The first page of the contract (put on public display in 2013 after being recently rediscovered) proffered by Mrs. Jeannette Thurber and signed by Antonín Dvořák in 1892 which brought the composer to New York to serve as director of her new National Conservatory for Music [from a photo by Chang W. Lee for
The New York Times]
It was an audacious act of Gilded Age New York. Jeannette Thurber, a wealthy patron trying to create not just a new American music school but, more broadly, a new American school of music, decided in 1891 to hire one of the greatest composers of the day: Antonin Dvorak.
She offered him $15,000 a year — more than 25 times what he made at home in Prague — and promised him summers off. In exchange, she made him promise to work regular hours six days a week at her school, instruct “the most talented pupils only” and conduct concerts.
After months of trans-Atlantic negotiations, they eventually struck the deal that brought Dvorak to New York City in 1892 for an eventful three-year sojourn to lead Mrs. Thurber’s National Conservatory of Music of America — a period in which he composed some of his best work, including his American-inflected “New World” Symphony and Cello Concerto. . . .

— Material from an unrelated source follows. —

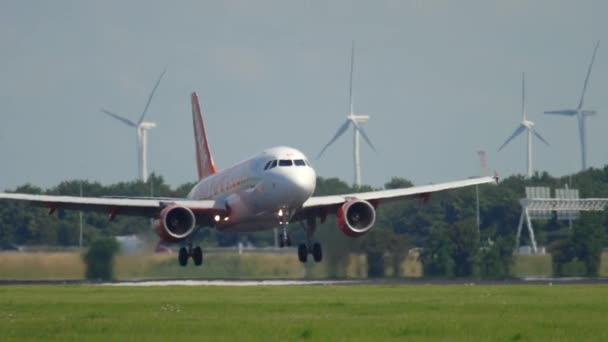 Landning med EasyJet Airbus A319 — Stockvideo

-- Michael Cooper, in The Times
, Aug. 24, 2013
Vienna Philharmonic, Rafael Kubelik, cond. Decca, recorded in the Sofiensaal, October 1956
by Ken
The last time I took the walking tour that Francis Morrone calls "Dvořák in Love" (a title borrowed from the novel by the Czech-Canadian novelist Josef Škvorecký, which takes off from the true-life story of the composer's three-year sojourn in the U.S., Francis gave me a quizzical look and asked, hadn't I already taken this tour?
Before I get to my answer, I should explain that while the title
Dvořák in Love to most of us suggests some sort of romantic dalliance, in fact, as
a Goodreads blurb puts it, "This splendid novel tells the story of Dvorak's utterly requited love affair with America."
Now, back to Francis's question. I acknowledged that I had taken the tour before, and explained that, first, even among Francis's tours, than which walking tours don't get any better, this one had left a powerful imprint in my imagination, and, second, given how much I forget of what I "learn" on a tour (my standard estimate is that I remember on a good day maybe 10 percent of what I've been told), not to mention how much probably never properly registered, I wanted a chance to "fix" more of the tour in my brain.
I might have added something I know from experience of other tours of Francis's that I've done more than once: that even when he repeats a tour, it isn't exactly the same tour. Not to mention that on the later occasion(s) I'm not exactly the same person I was.
I STILL MEAN TO TALK ABOUT THE "DVOŘÁK IN LOVE" TOUR,
BUT LET'S GET BACK TO THE BIT OF MUSIC WE JUST HEARD
For one thing, it was Francis who got me to thinking about Josf Suk and Kurt Masur as they relate to the subject of Dvořák, as you may have noticed in
last week's post -- and maybe not just on that subject, which will also involve some more talk and, more happily, more music. I wasn't surprised, when I took a look in the Archive, to see how much from each of these special performers we've heard. This wasn't planned; it just happened that way.
And speaking of last week's post, I also want to make some remarks of a housekeeping nature about the audio clips, which I'm emboldened to want to talk about a bit -- just not right now.